2 CD and 2 LP - XL Recordings - October 26, 2018



CD1:

1. A Storm That Took Everything (1:47)
2. The Hooks (3:18)
3. Suspirium (3:21)
4. Belongings Thrown In A River (1:27)
5. Has Ended (4:56)
6. Klemperer Walks (1:38)
7. Open Again (2:49)
8. Sabbath Incantation (3:06)
9. The Inevitable Pull (1:36)
10. Olga’s Destruction (Volk tape) (2:58)
11. The Conjuring of Anke (2:16)
12. A Light Green (1:48)
13. Unmade (4:27)
14. The Jumps (2:38)

CD2:

01. Volk (6:24)
02. The Universe is Indifferent (4:48)
03. The Balance of Things (1:08)
04. A Soft Hand Across Your Face (0:44)
05. Suspirium Finale (7:03)
06. A Choir of One (14:01)
07. Synthesizer Speaks (0:58)
08. The Room of Compartments (1:14)
09. An Audition (0:34)
10. Voiceless Terror (2:30)
11. The Epilogue (2:46)

Official store with all releases - https://store.wasteheadquarters.com/products/suspiria-music-for-the-luca-guadagnino-film

Full track "Suspirium":

 
 
 Posted:   Sep 5, 2018 - 2:32 AM   
 By:   Thor   (Member)

My colleagues just saw this film in Venice, and I'm very curious to hear what they said. They're on an embargo for now, but I wouldn't be surprised if they liked it -- given how big a fan they are of the original, and of Guadagnino's CALL ME BY YOUR NAME.

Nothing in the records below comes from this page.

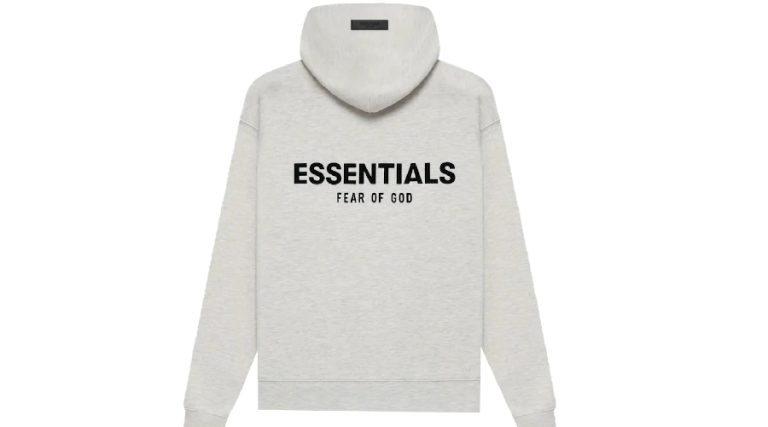 Why The Essentials Hoodie Canada  Is  A Winter Wardrobe
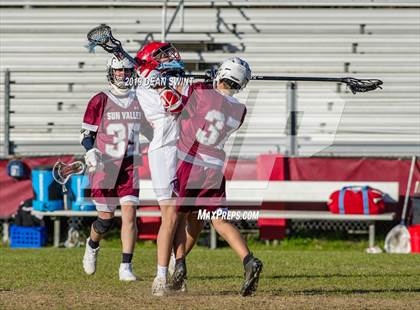 Thumbnail 1 in Sun Valley @ Charlotte Catholic photogallery.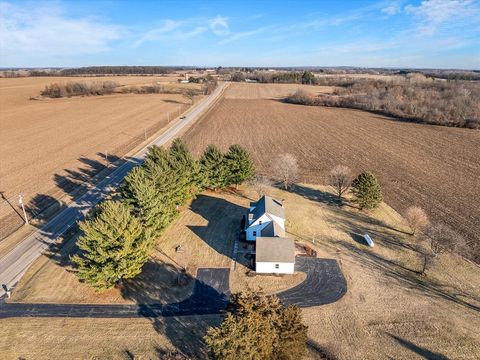 A home in Garden Prairie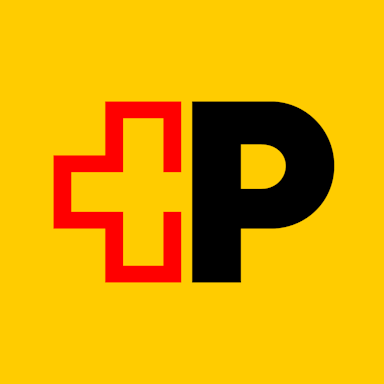 Schweizerische Post logo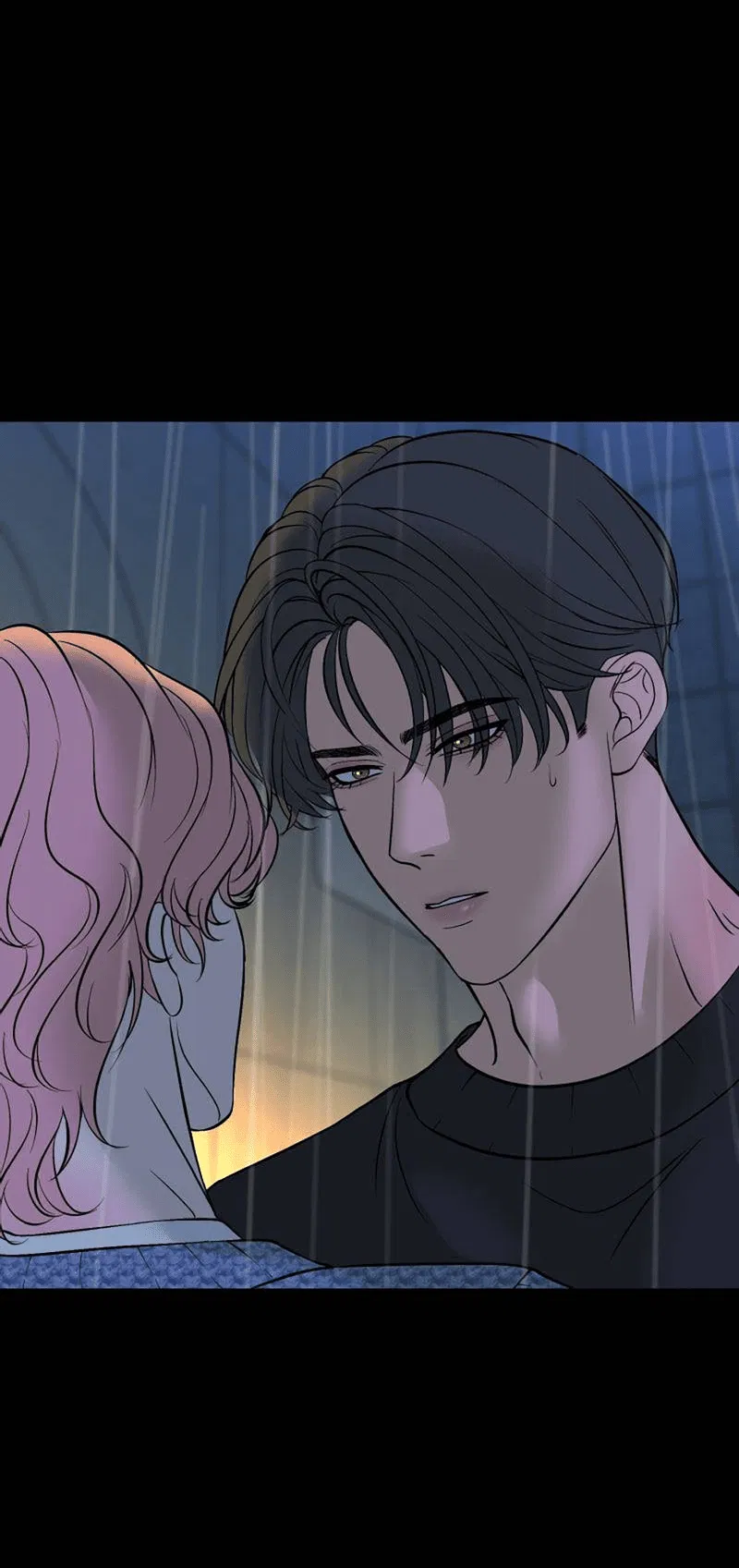 Манга Шоколадный снег (перезапуск) - Глава 33 Страница 66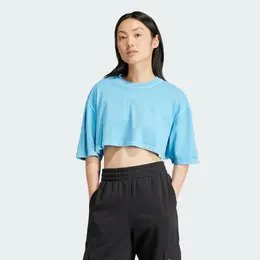 adidas Originals: Спортивная футболка 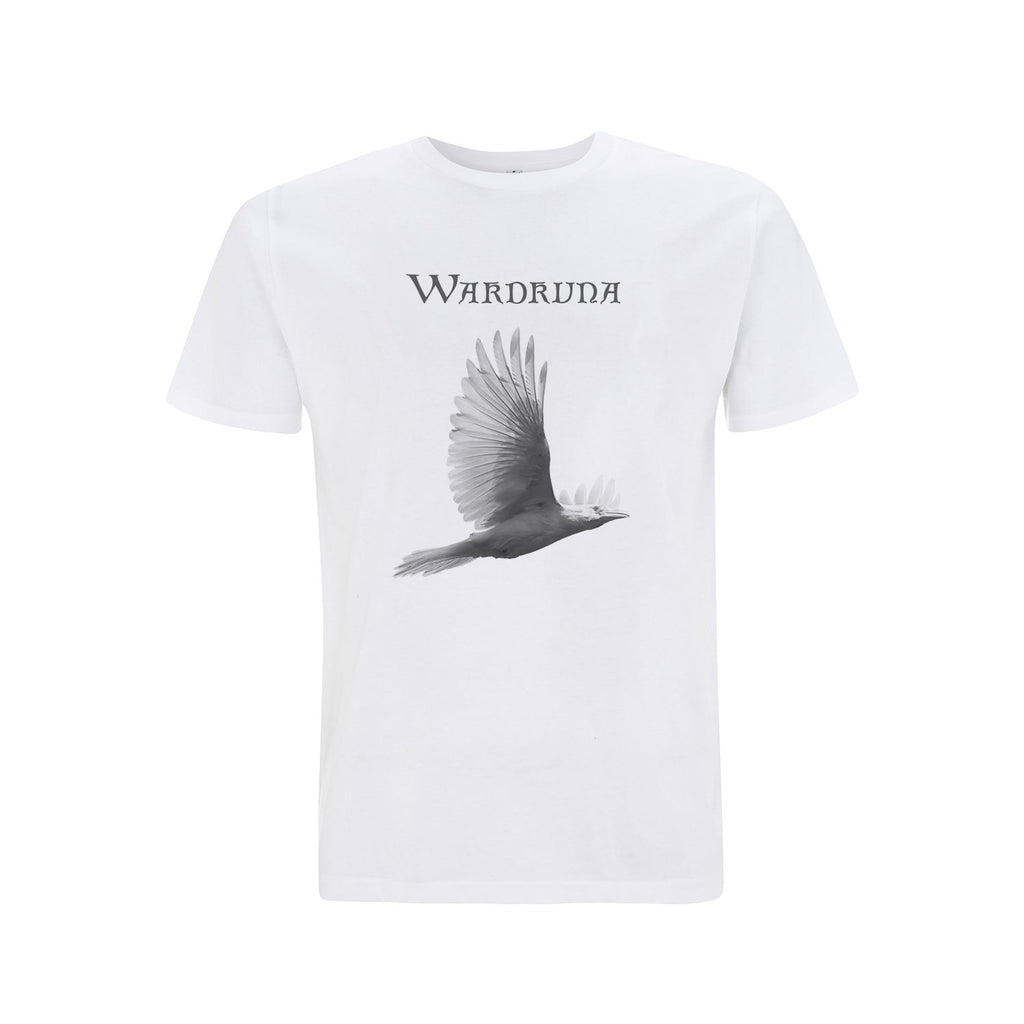 ZX New Wardruna Band Graphic Cotton Tshirt Unisex Summer Short Sleeve Fashion Brand Tee Luxury Casual Vintage Retro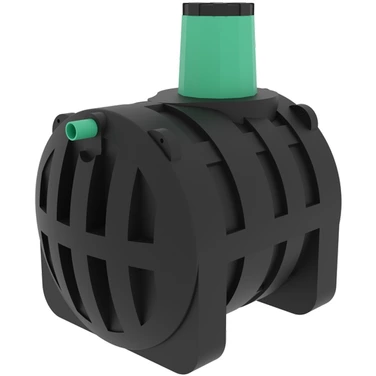 Септики однокамерные в Славянске-на-Кубани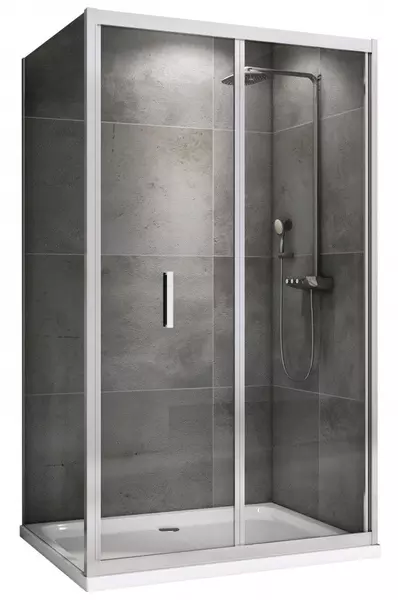 Душевой угол-ограждение «Abber» Sonnenstrand AG07100-S100 100/100 квадратный прозрачный/хром без поддона универсальный
Душевой угол-ограждение «Abber» Sonnenstrand AG07100-S100 100/100 квадратный прозрачный/хром без поддона универсальный
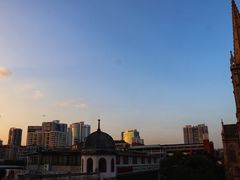 -珠江夜游省总码头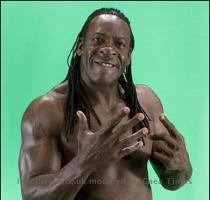 Booker T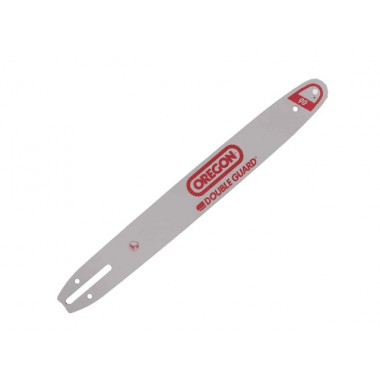 Шина OREGON 40 см 3/8" LP 1.3 мм 7 зуб. DOUBLEGUARD -0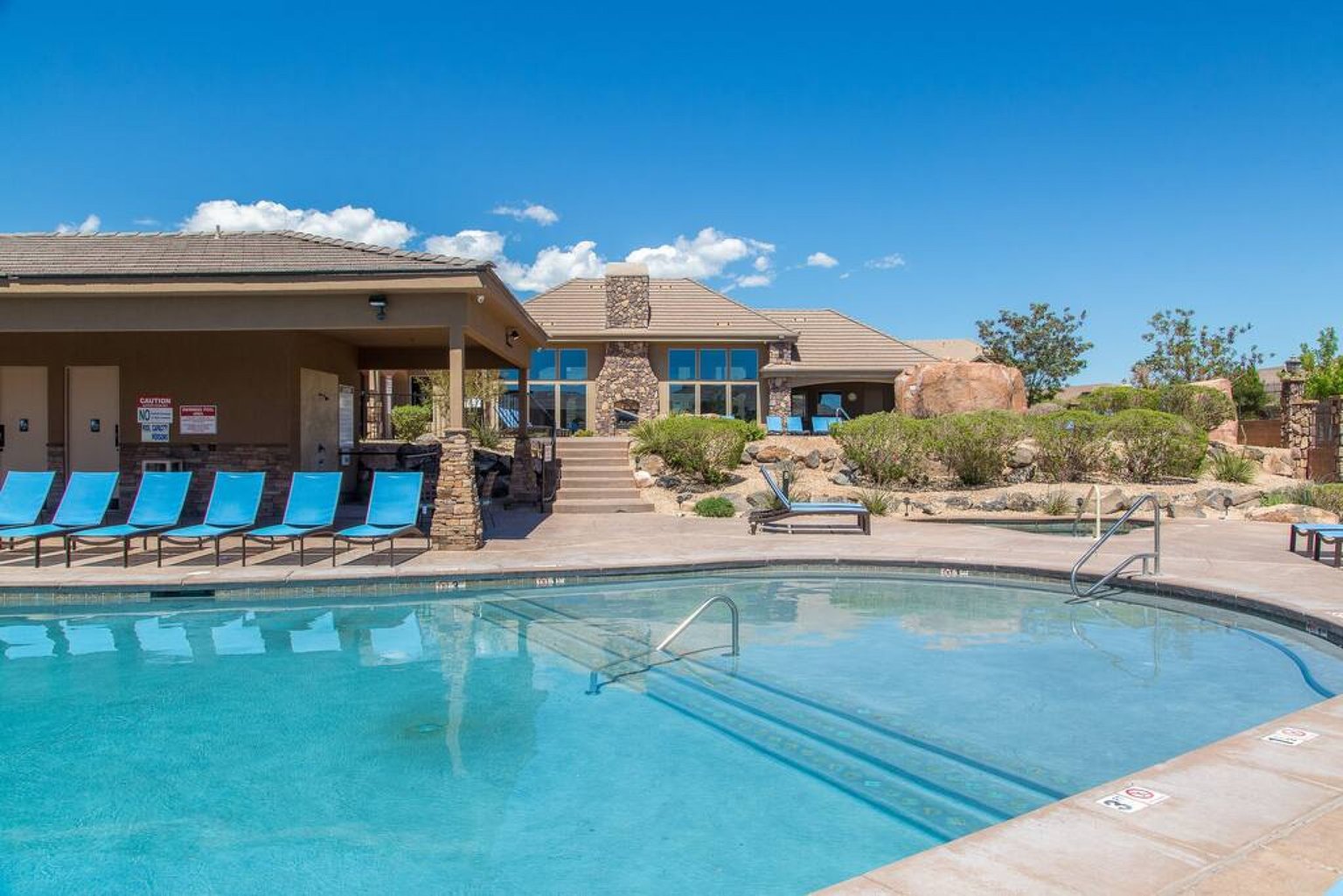 Washington Vacation Rental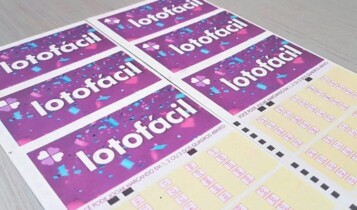 Resultado da Lotofácil 3265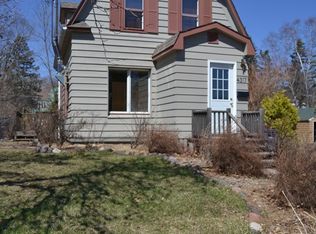 4317 Cooke St, Duluth, MN 55804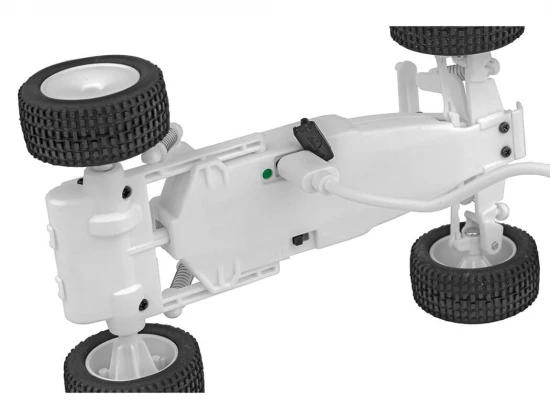 Associated RC28 Zoom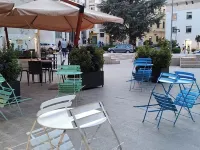 Piazza Mulino 26 Hotels in Matera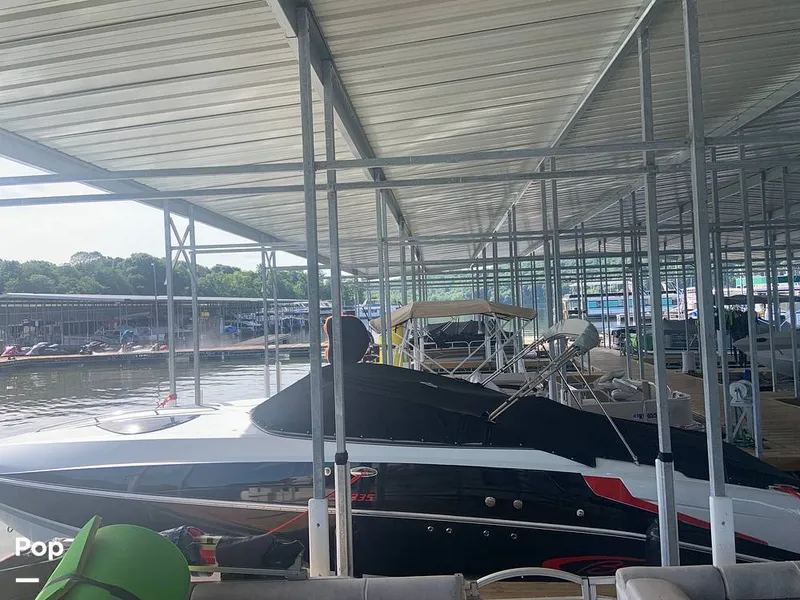 Slide: The Image of Baja 335 Performance 2008 - 14333403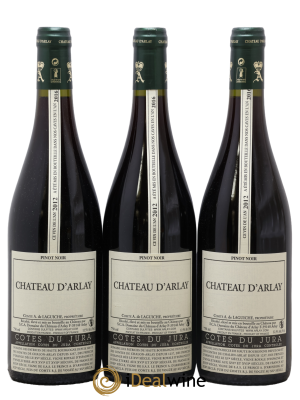 Côtes du Jura Château d'Arlay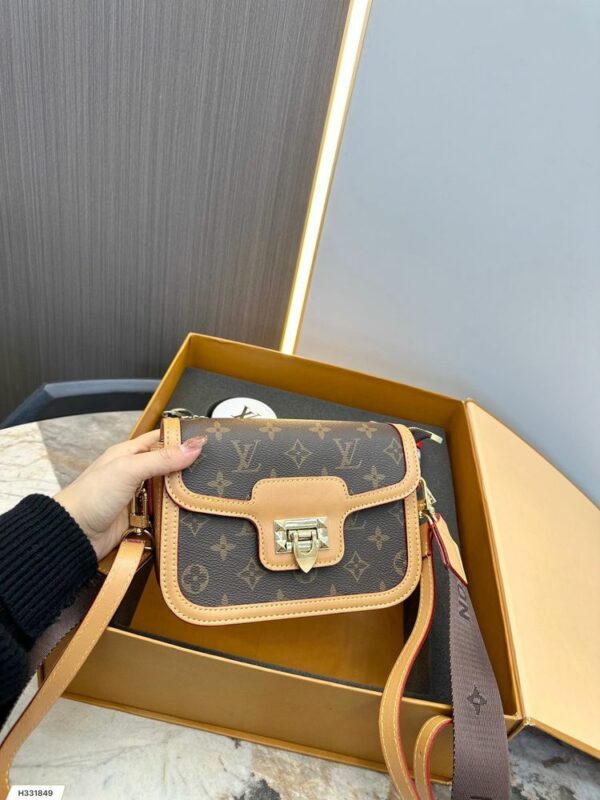 New Arrival LV Handbag L582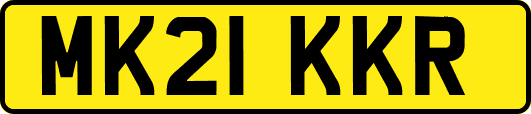 MK21KKR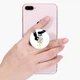 Попсокет (Popsockets) держатель для смартфона Реальность (8754-2088-WT) Белый - изображение 6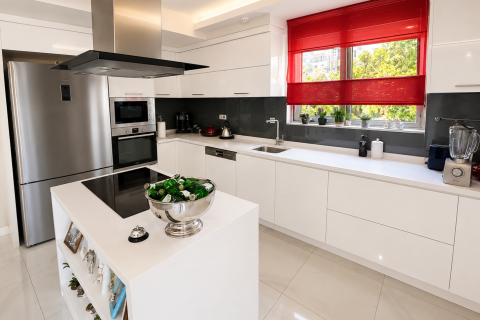 4+1 Leilighet i Konyaalti, Antalya, Tyrkia Nr. 238062 - 8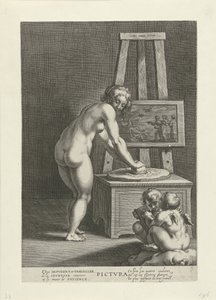 Pictura (konsten att måla)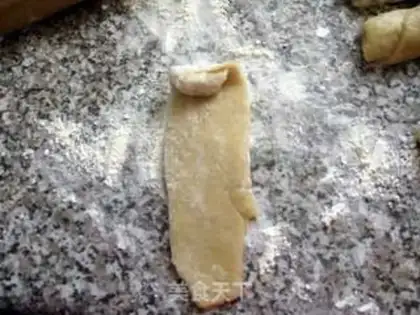 Make step 10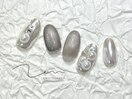 【HAND】初回デザイン　￥8,960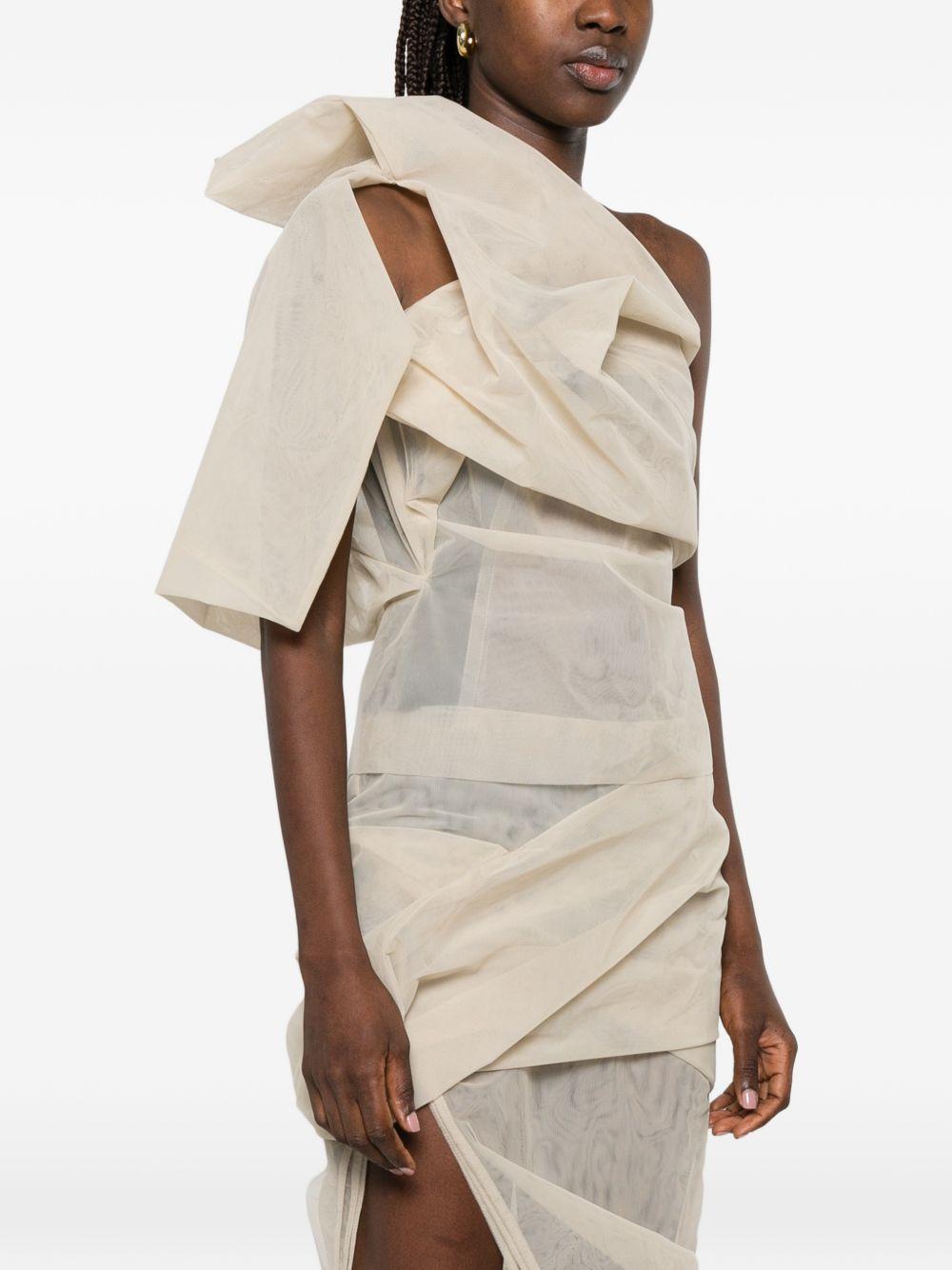  RO01F6153TU 138 SAND RICK OWENS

I'm also quite excited, given the awesome trailers, and of Yorke's music. First Jonny Greenwood, and now Thom Yorke. Radioheads are taking over the film music scene! smile

 
 Posted:   Sep 5, 2018 - 2:45 AM   
 By:   batman&robin   (Member)

First Jonny Greenwood, and now Thom Yorke. Radioheads are taking over the film music scene!

Unfortunately!! frown

 
 
 Posted:   Sep 5, 2018 - 2:48 AM   
 By:   Thor   (Member)

Oh come on! Jonny Greenwood is one of the most striking and original composers around, more schooled in contemporary classical music than most film composers these days. You who enjoy Goldenthal so much should be able to appreciate that? Yorke, of course, remains to be seen. I have high hopes.

 
 Posted:   Sep 5, 2018 - 2:55 AM   
 By:   AdoKrycha007   (Member)

Unfortunately!! frown

Still better story than Junkie XS or Balfe.

 
 
 Posted:   Sep 5, 2018 - 4:37 AM   
 By:   films1   (Member)

Like the track and at least it sounds like MUSIC, not some over inflated soundscape that most scores today have.

 
 Posted:   Sep 5, 2018 - 4:55 AM   
 By:   batman&robin   (Member)

Oh come on! Jonny Greenwood is one of the most striking and original composers around, more schooled in contemporary classical music than most film composers these days. You who enjoy Goldenthal so much should be able to appreciate that? ...

True, I enjoy Goldenthal a lot, but honestly I don't find any resemblance with Greenwood. I don't like the work of this guy at all. And belive me, I've tried! It sounds so distant, boring, annoying, bleak, heartless and souless to me, miles away from Elliot's impressive grand output. I think it's a matter of musical gesture, so different in its fundamental concept.

I also believe that opening the door to the scoring process in general to these kind of artists (Greenwood, Yorke, Cave, Ellis, Reznor, Richter, Gunnarsdottir) is lowering beyond repair the dramatic and emotional standards of the music and its function in films, as we have been accustomed to. Just my subjective opinion.

 
 
 Posted:   Sep 5, 2018 - 5:40 AM   
 By:   Thor   (Member)

Yeah, they're different in style, but similar in approach and background.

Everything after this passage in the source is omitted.